Microdeletion 10q26-syndrome – A rare cause for developmental retardation, strabismus and hypoplasia of cerebellum – A case report

Introduction: Microdeletion 10q26-syndrome is a rare disorder with so far 60 reported cases. Symptoms are developmental delay in language and motor skills and cognition deficits of variable degree, strabismus, typical facial features (broad nasal bridge, deep set eyes), microcephaly, growth retardation. Variable manifestations include feeding difficulties, behavior problems, muscular hypotonia, hearing impairment and anomalies of heart, genitals, kidney, palate, feet and hand. Variability in clinical manifestation can be explained with different length of deletion.

Patient and methods: We report on a 10 years old girl with moderate global developmental retardation, strabismus and mild ataxia and intentional tremor. Pregnancy complicated with premature labor. Birth at 41st weeks by cesarean delivery, APGAR 3/8/9. Development of length and weight according to 50^th centile. Growth of head circumference according to 10^th centile. Cranial MRI (3 y.): Hypoplasia of cerebellum. EEG was normal. Amino acids i.S., organic acids i.U., acylcarnitine, thyroid hormons, lactate and transferrin electrophoresis normal. MRI of lumbar spine: anomaly of bow closure L5/S1.
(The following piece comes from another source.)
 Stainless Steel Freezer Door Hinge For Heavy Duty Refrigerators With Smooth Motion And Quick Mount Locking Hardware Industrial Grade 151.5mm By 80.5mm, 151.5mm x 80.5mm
Results: Using micro-array-CGH technology a microdeletion of 6,92Mb in chromosomal band 10q26 was detected and this was confirmed by real-time PCR. The investigation of both parents by micro-array-CGH und real-time PCR was negative.

Conclusion: At the age of 10 this syndrome could be assigned to microdeletion 10q26-syndrome. Pathogenity is confirmed by size of deletion (>4 Mb) and „de novo“ appearance. So far 60 cases are published with typical symptoms. In our case a cerebellar hypoplasia was found additionally to typical symptoms causing ataxia and intentional tremor. These additional symptoms can most probably be explained by extended deletion beyond the typical 10q26 mikrodeletion region.